Each edge \((u,v)\) is now represented by a pair of values \((f_{uv},\; b_{uv})\). Sorting these pairs lexicographically produces a directed fingerprint that distinguishes \(G\) from \(G^\top\) whenever their structures differ.
Why this works. F-DRESS captures the forward flow of similarity (how an edge relates to its source's outgoing neighborhood), while B-DRESS captures the backward flow (the target's incoming neighborhood). A transpose swaps the two components of every pair, so unless the graph is self-transpose, the sorted pair vectors will differ. This breaks exactly the symmetric-transpose ambiguity that the single D-DRESS fingerprint misses.
Results¶
| Benchmark | Accuracy |
|---|---|
| MiVIA database | 100 % |
| IsoBench | 100 % |
Limitations of Original-DRESS (Δ⁰)¶
Original-DRESS provides a necessary condition, not a sufficient one. Non-isomorphic graphs can produce identical DRESS vectors:
- CFI graphs (Cai–Fürer–Immerman): constructed to defeat the Weisfeiler–Leman hierarchy. Original-DRESS fails on CFI(\(K_4\)) and above. Δ^k-DRESS overcomes this: each deletion level adds one WL dimension, matching \((k{+}2)\)-WL. See CFI Staircase below.
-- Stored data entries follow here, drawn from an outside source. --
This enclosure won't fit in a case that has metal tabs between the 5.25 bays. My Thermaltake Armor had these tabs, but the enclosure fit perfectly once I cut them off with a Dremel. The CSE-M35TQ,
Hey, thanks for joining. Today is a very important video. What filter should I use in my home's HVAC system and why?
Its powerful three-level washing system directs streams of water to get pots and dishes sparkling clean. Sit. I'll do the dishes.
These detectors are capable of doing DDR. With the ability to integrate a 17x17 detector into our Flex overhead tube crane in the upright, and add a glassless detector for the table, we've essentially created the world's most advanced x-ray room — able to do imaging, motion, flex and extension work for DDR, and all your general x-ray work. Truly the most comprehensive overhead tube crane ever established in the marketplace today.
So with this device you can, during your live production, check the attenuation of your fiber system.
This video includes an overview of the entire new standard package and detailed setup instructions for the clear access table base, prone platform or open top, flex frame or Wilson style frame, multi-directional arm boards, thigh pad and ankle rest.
- Strongly Regular Graphs (SRG): every edge has identical local structure (same degree, same common-neighbor counts). Original-DRESS assigns the same value to every edge and cannot distinguish non-isomorphic SRGs with the same parameters. Δ¹-DRESS overcomes this: all 51,816 tested graphs across 34 hard benchmark families are fully separated. See Large-scale SRG separation below.
Relationship to Weisfeiler–Leman¶
DRESS matches 2-WL in expressiveness. Where 2-WL assigns discrete colors to node pairs, DRESS computes a cosine-like ratio that yields continuous real-valued edge scores - achieving the same distinguishing power at \(O(E)\) cost per iteration.
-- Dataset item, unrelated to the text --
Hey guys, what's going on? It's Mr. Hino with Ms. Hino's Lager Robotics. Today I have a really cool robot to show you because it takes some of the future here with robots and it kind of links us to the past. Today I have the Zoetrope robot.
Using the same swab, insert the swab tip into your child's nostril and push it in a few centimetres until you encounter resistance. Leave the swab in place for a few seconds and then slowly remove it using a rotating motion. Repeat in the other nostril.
This has three practical consequences:
- Metric output. 2-WL says "same or different"; DRESS says "how similar." Every binary same/different test becomes a similarity query, and every color histogram becomes a real-valued distribution.
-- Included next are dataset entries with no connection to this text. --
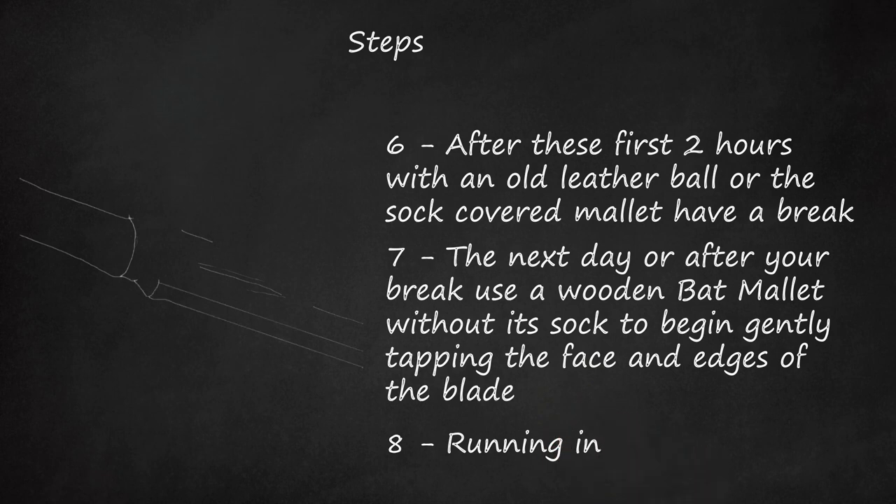So now that should be four hours you have spent patiently running your bat in. Now you can go outside and begin to bounce that original worn ball up and down on your bat and also hit some small catches in the backyard.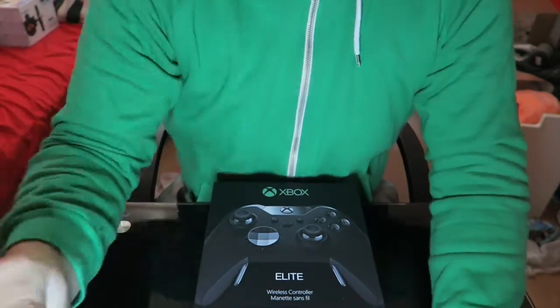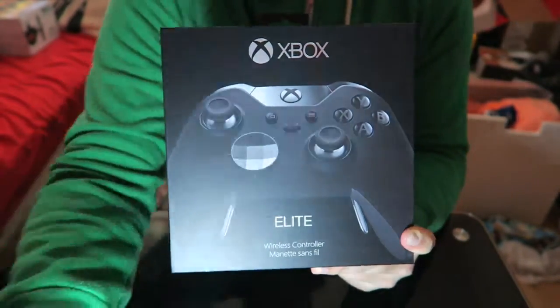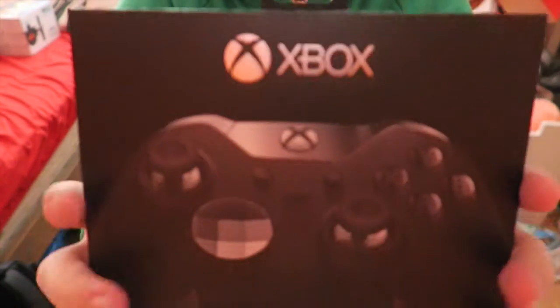Now there's another thing. As you know, I do have a gaming channel, which is Willis 900 Gaming — go over there and subscribe if you can. I've bought an Xbox One Elite controller. Sorry about that — I accidentally pressed the record button to stop this. As you can see, I'm still a beginner. So I've bought an Xbox One Elite controller.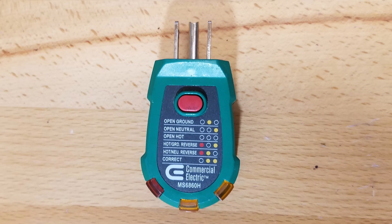What I thought I'd do here is walk through some wiring configurations to see how the outlet tester responds. The tester I'll be using is the Commercial Electric MS-6860H, which has GFCI testing capabilities — it's actually an older version of the MS-102H. I'm going to try this out on an outlet I installed when I added the garage heater circuit.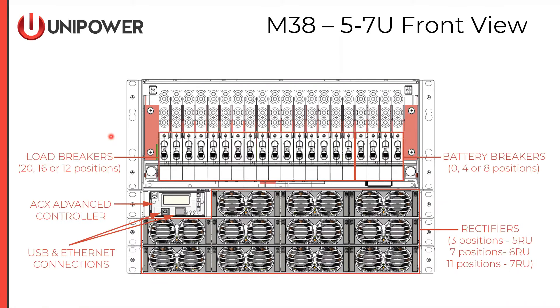Looking at the front of the M-38, it is very similar to the MS-31 except it utilizes bullet breakers, which are very popular in North America. The battery breakers are on the right side of the horizontal array and can be deployed in zero, four, or eight total battery breaker positions. Any remaining space in the horizontal array is utilized by load breakers. The ACX advanced controller is placed in the left position of the topmost power shelf, leaving three rectifier positions in that shelf. We can have one or two additional power shelves below, giving us three, seven, or 11 total rectifiers.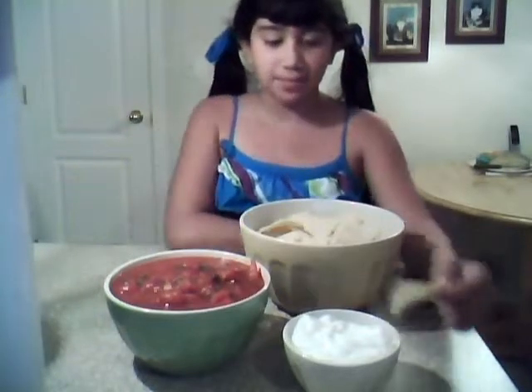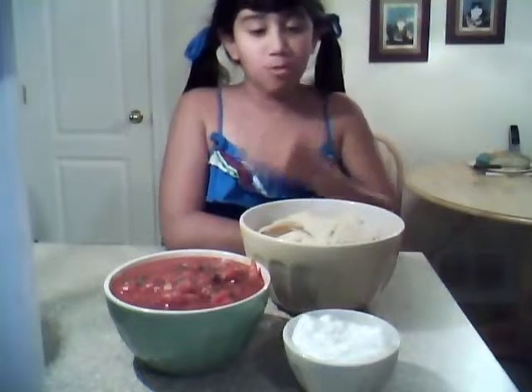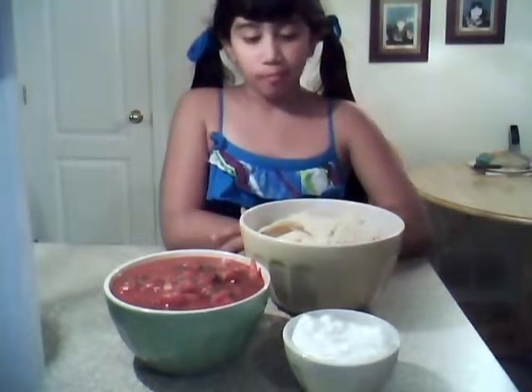And just like that — just dip your chip in your sour cream and then dip it in your salsa. That tastes really good.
- Edge granularity. 2-WL assigns one color per vertex pair; DRESS assigns one value per edge, giving a compact structural fingerprint.
- Downstream utility. Continuous values can be thresholded, ranked, clustered, or fed directly into ML pipelines - none of which is possible with a discrete partition.
DRESS achieves 100 % accuracy on standard isomorphism benchmarks (MiVIA, IsoBench). Original-DRESS matches 2-WL: it distinguishes the prism graph from \(K_{3,3}\), a pair that 1-WL cannot separate but 2-WL can (see Theorem 1 in the DRESS paper). Original-DRESS fails on CFI constructions and strongly regular graphs with identical parameters, but higher-order Δ^k-DRESS overcomes both; see CFI Staircase and Large-scale SRG separation below. See Properties - WL comparison for a detailed side-by-side table.
DRESS matches 2-WL¶
The prism graph (\(C_3 \square K_2\)) and \(K_{3,3}\) are both 3-regular on 6 nodes with 9 edges. 1-WL assigns all nodes the same color in both graphs (every node has degree 3 and all neighbor multisets are identical), so it cannot distinguish them.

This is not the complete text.